The data: Begin

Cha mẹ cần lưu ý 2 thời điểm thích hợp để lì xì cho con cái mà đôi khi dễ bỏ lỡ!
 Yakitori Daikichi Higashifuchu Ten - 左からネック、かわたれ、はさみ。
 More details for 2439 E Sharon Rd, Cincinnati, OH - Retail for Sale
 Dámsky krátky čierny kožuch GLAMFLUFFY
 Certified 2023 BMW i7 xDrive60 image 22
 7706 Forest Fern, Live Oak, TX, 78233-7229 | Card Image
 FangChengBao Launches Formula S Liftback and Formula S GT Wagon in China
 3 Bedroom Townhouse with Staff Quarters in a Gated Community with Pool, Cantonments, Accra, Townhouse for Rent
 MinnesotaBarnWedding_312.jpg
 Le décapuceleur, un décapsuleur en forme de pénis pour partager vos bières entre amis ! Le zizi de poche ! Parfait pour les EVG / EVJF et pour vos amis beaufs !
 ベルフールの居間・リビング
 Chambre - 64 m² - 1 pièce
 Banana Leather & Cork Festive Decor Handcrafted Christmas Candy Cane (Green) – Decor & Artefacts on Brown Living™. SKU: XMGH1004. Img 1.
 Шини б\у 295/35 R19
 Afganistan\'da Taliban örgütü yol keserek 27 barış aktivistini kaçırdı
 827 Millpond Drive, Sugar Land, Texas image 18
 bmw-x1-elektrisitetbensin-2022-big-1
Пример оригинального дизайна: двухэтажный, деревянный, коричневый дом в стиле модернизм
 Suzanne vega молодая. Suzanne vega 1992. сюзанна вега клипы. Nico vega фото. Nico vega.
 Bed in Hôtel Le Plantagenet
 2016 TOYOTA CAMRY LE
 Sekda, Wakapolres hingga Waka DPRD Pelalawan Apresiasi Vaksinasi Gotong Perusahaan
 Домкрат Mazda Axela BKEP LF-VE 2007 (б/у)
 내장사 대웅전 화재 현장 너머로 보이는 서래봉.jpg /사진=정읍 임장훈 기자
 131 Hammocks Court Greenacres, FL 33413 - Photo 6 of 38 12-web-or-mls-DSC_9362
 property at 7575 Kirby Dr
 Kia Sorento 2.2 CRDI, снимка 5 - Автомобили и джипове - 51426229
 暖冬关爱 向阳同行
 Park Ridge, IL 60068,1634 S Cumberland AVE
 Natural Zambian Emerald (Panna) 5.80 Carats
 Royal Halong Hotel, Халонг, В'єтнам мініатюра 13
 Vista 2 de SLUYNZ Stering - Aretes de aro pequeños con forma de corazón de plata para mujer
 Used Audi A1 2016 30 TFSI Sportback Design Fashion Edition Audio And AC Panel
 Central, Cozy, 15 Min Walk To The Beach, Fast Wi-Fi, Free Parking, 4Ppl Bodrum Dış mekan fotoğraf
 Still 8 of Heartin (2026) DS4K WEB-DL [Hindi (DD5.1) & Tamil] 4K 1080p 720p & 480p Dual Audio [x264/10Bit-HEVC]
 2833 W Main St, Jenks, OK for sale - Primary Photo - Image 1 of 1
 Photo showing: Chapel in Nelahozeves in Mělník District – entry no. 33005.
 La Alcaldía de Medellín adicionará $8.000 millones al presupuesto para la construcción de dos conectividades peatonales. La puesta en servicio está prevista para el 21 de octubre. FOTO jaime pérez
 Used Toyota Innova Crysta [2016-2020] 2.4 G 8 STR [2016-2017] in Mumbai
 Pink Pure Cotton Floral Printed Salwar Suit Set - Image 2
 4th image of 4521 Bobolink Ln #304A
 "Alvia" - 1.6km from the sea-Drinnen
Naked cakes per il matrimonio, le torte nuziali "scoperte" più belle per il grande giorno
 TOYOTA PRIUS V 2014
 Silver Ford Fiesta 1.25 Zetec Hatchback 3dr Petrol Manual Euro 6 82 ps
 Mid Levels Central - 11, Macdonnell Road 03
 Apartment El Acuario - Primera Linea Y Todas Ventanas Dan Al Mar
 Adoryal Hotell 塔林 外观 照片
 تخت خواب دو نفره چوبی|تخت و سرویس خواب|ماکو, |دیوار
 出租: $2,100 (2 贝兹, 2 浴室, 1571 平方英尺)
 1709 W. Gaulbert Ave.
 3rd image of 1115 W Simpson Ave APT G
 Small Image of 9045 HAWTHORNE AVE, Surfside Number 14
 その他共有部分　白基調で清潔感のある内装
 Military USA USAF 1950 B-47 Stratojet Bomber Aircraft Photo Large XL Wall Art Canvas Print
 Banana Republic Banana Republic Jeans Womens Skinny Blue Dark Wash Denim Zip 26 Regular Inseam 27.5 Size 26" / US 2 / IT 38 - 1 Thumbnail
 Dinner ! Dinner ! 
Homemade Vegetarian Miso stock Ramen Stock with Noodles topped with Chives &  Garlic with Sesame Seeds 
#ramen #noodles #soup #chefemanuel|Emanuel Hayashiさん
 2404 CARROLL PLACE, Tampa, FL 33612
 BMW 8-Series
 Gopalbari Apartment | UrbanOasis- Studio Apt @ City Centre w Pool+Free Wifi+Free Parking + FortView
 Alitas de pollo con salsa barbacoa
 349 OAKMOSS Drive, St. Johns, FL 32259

The data: End

▶ _Required work_
Would you write out the listing above exactly, in full?

▶ _Solution_
Cha mẹ cần lưu ý 2 thời điểm thích hợp để lì xì cho con cái mà đôi khi dễ bỏ lỡ!
 Yakitori Daikichi Higashifuchu Ten - 左からネック、かわたれ、はさみ。
 More details for 2439 E Sharon Rd, Cincinnati, OH - Retail for Sale
 Dámsky krátky čierny kožuch GLAMFLUFFY
 Certified 2023 BMW i7 xDrive60 image 22
 7706 Forest Fern, Live Oak, TX, 78233-7229 | Card Image
 FangChengBao Launches Formula S Liftback and Formula S GT Wagon in China
 3 Bedroom Townhouse with Staff Quarters in a Gated Community with Pool, Cantonments, Accra, Townhouse for Rent
 MinnesotaBarnWedding_312.jpg
 Le décapuceleur, un décapsuleur en forme de pénis pour partager vos bières entre amis ! Le zizi de poche ! Parfait pour les EVG / EVJF et pour vos amis beaufs !
 ベルフールの居間・リビング
 Chambre - 64 m² - 1 pièce
 Banana Leather & Cork Festive Decor Handcrafted Christmas Candy Cane (Green) – Decor & Artefacts on Brown Living™. SKU: XMGH1004. Img 1.
 Шини б\у 295/35 R19
 Afganistan\'da Taliban örgütü yol keserek 27 barış aktivistini kaçırdı
 827 Millpond Drive, Sugar Land, Texas image 18
 bmw-x1-elektrisitetbensin-2022-big-1
Пример оригинального дизайна: двухэтажный, деревянный, коричневый дом в стиле модернизм
 Suzanne vega молодая. Suzanne vega 1992. сюзанна вега клипы. Nico vega фото. Nico vega.
 Bed in Hôtel Le Plantagenet
 2016 TOYOTA CAMRY LE
 Sekda, Wakapolres hingga Waka DPRD Pelalawan Apresiasi Vaksinasi Gotong Perusahaan
 Домкрат Mazda Axela BKEP LF-VE 2007 (б/у)
 내장사 대웅전 화재 현장 너머로 보이는 서래봉.jpg /사진=정읍 임장훈 기자
 131 Hammocks Court Greenacres, FL 33413 - Photo 6 of 38 12-web-or-mls-DSC_9362
 property at 7575 Kirby Dr
 Kia Sorento 2.2 CRDI, снимка 5 - Автомобили и джипове - 51426229
 暖冬关爱 向阳同行
 Park Ridge, IL 60068,1634 S Cumberland AVE
 Natural Zambian Emerald (Panna) 5.80 Carats
 Royal Halong Hotel, Халонг, В'єтнам мініатюра 13
 Vista 2 de SLUYNZ Stering - Aretes de aro pequeños con forma de corazón de plata para mujer
 Used Audi A1 2016 30 TFSI Sportback Design Fashion Edition Audio And AC Panel
 Central, Cozy, 15 Min Walk To The Beach, Fast Wi-Fi, Free Parking, 4Ppl Bodrum Dış mekan fotoğraf
 Still 8 of Heartin (2026) DS4K WEB-DL [Hindi (DD5.1) & Tamil] 4K 1080p 720p & 480p Dual Audio [x264/10Bit-HEVC]
 2833 W Main St, Jenks, OK for sale - Primary Photo - Image 1 of 1
 Photo showing: Chapel in Nelahozeves in Mělník District – entry no. 33005.
 La Alcaldía de Medellín adicionará $8.000 millones al presupuesto para la construcción de dos conectividades peatonales. La puesta en servicio está prevista para el 21 de octubre. FOTO jaime pérez
 Used Toyota Innova Crysta [2016-2020] 2.4 G 8 STR [2016-2017] in Mumbai
 Pink Pure Cotton Floral Printed Salwar Suit Set - Image 2
 4th image of 4521 Bobolink Ln #304A
 "Alvia" - 1.6km from the sea-Drinnen
Naked cakes per il matrimonio, le torte nuziali "scoperte" più belle per il grande giorno
 TOYOTA PRIUS V 2014
 Silver Ford Fiesta 1.25 Zetec Hatchback 3dr Petrol Manual Euro 6 82 ps
 Mid Levels Central - 11, Macdonnell Road 03
 Apartment El Acuario - Primera Linea Y Todas Ventanas Dan Al Mar
 Adoryal Hotell 塔林 外观 照片
 تخت خواب دو نفره چوبی|تخت و سرویس خواب|ماکو, |دیوار
 出租: $2,100 (2 贝兹, 2 浴室, 1571 平方英尺)
 1709 W. Gaulbert Ave.
 3rd image of 1115 W Simpson Ave APT G
 Small Image of 9045 HAWTHORNE AVE, Surfside Number 14
 その他共有部分　白基調で清潔感のある内装
 Military USA USAF 1950 B-47 Stratojet Bomber Aircraft Photo Large XL Wall Art Canvas Print
 Banana Republic Banana Republic Jeans Womens Skinny Blue Dark Wash Denim Zip 26 Regular Inseam 27.5 Size 26" / US 2 / IT 38 - 1 Thumbnail
 Dinner ! Dinner ! 
Homemade Vegetarian Miso stock Ramen Stock with Noodles topped with Chives &  Garlic with Sesame Seeds 
#ramen #noodles #soup #chefemanuel|Emanuel Hayashiさん
 2404 CARROLL PLACE, Tampa, FL 33612
 BMW 8-Series
 Gopalbari Apartment | UrbanOasis- Studio Apt @ City Centre w Pool+Free Wifi+Free Parking + FortView
 Alitas de pollo con salsa barbacoa
 349 OAKMOSS Drive, St. Johns, FL 32259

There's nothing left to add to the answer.